Cockfighter was published by Newsstand Library as a paperback original in 1962 (under the title Cockfighter Journal; later editions restored Willeford’s preferred title). Frank Mansfield is a professional cockfighter — a man who breeds, trains, and fights gamecocks in the illegal matches that were (and in some places still are) a fixture of rural Southern life. Frank has taken a vow of silence: he will not speak until he wins the Cockfighter of the Year medal from the Southern Conference. The vow has cost him his girlfriend, his friends, and any semblance of normal human connection, but Frank’s obsession is absolute.
Willeford writes about cockfighting with the same technical precision he brings to all his subjects. The breeding of gamecocks, the conditioning regimen, the tactics of the pit, the betting, the culture of the cockfighting circuit — all are rendered with an authority that comes from research and, by some accounts, personal experience.

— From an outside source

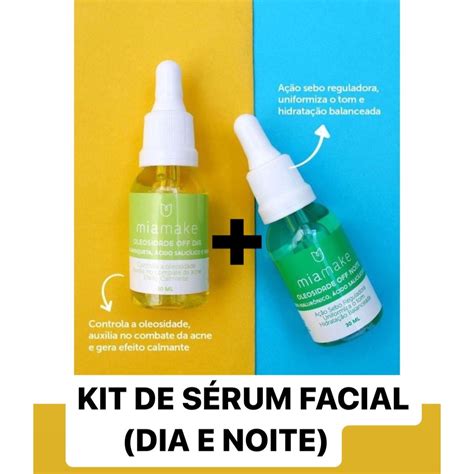 Kit 2 Sérum Facial Tratamento combate a Oleosidade para o DIA E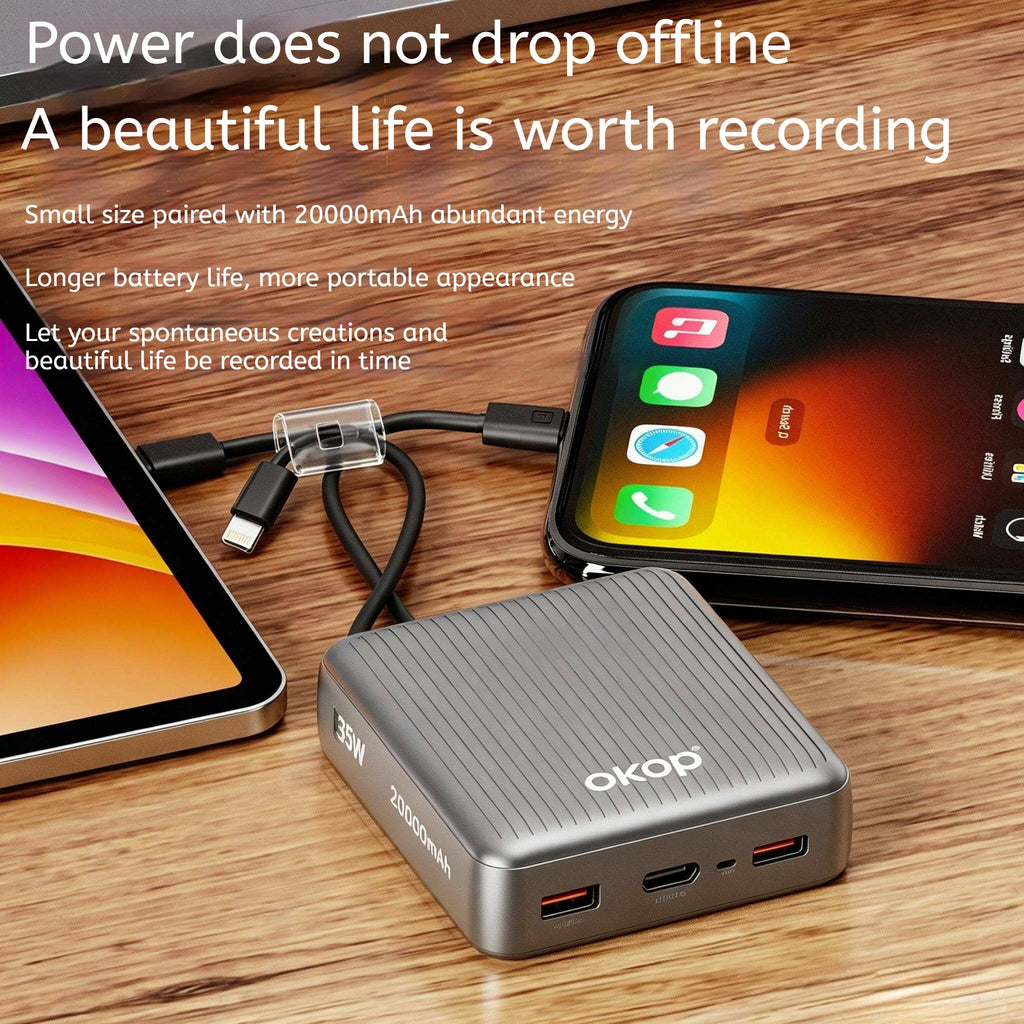 KP-724 20000mAh High-Capacity Power Bank With Digital Display Fast Charging 3C Certified Factory Stock Available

The novel does not moralize about the cruelty of the sport; it simply describes it, and the reader must make their own judgment.

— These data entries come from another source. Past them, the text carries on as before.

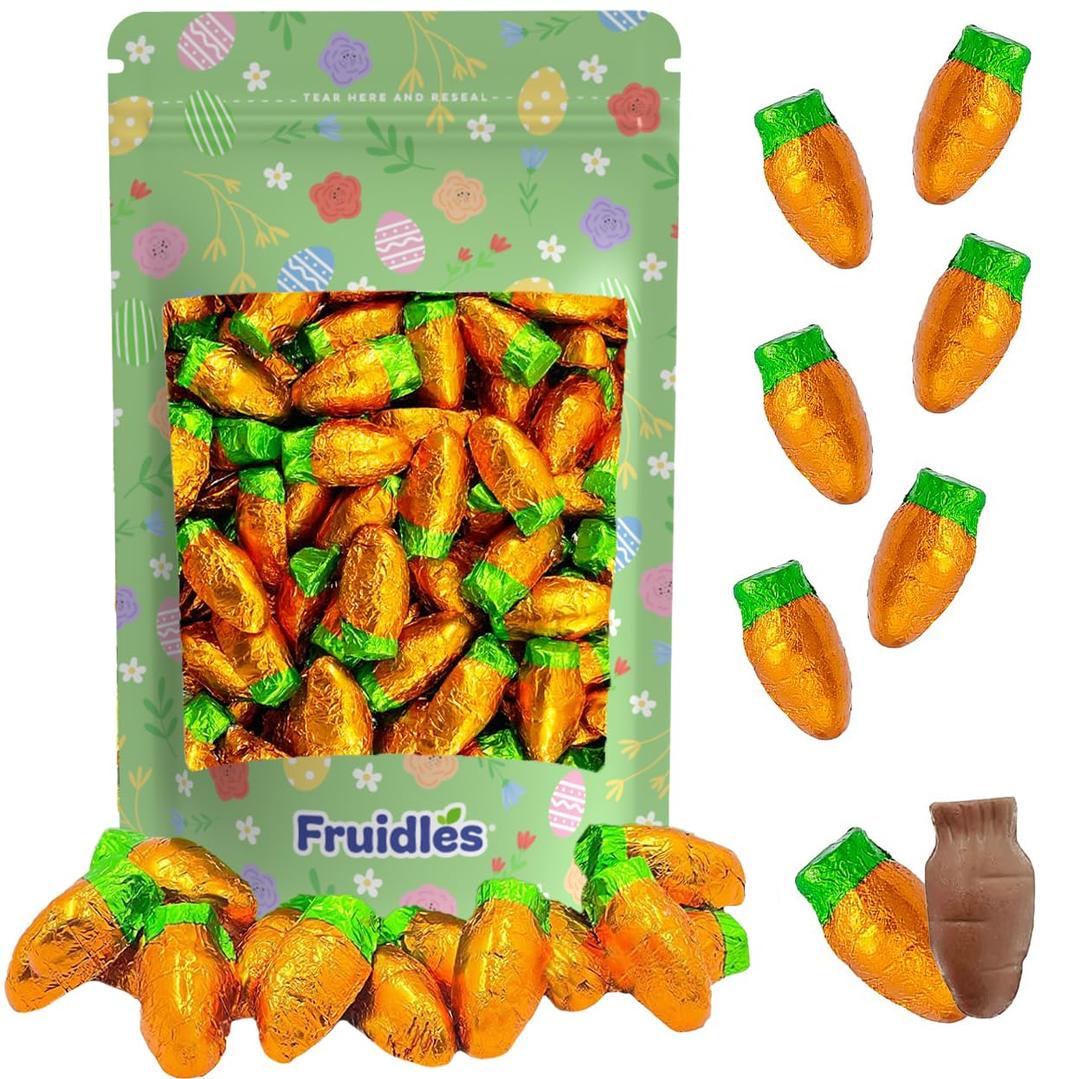 3 x Fruidles Easter Chocolate Carrots Bunny Rabbit Treats Milk Chocolate, Individually Wrapped in Orange Foils, Approximately 38 Pieces Per Pound (Half-Pound) BBD: 08/15/2027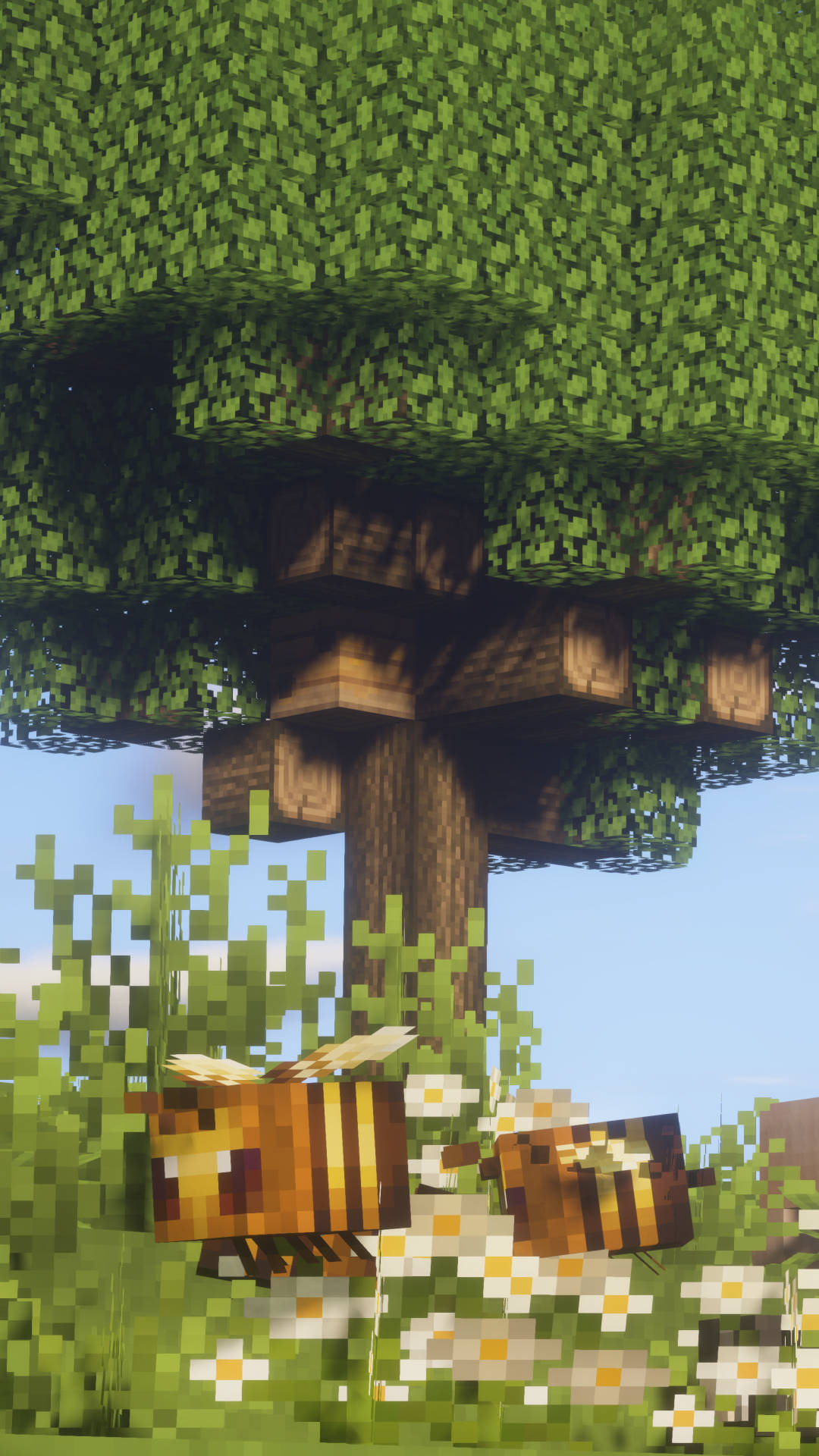 Minecraft Bees Under Tree Wallpaper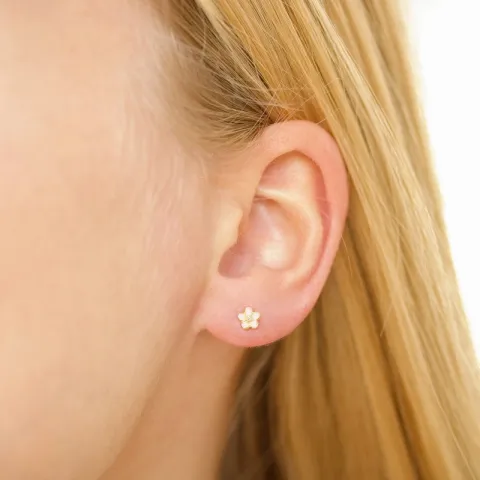 5 mm margriet pink oorsteker in verguld sterlingzilver - Majse
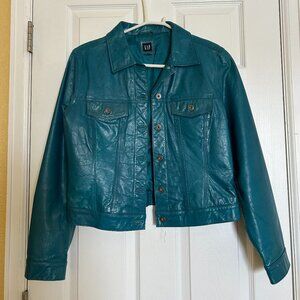 Y2K Teal leather Gap "jean" jacket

Frank’s silence makes him an unusual protagonist — his thoughts are conveyed through first-person narration, but his interactions with the world are limited to gesture, written notes, and the eloquence of his birds’ performances. The effect is to isolate him further, turning his obsession into a kind of monasticism — a total dedication to a single purpose that is simultaneously admirable and insane.
Monte Hellman directed a film adaptation in 1974, starring Warren Oates.
Collecting Cockfighter
First edition (Newsstand Library, 1962, as Cockfighter Journal): Paperback original.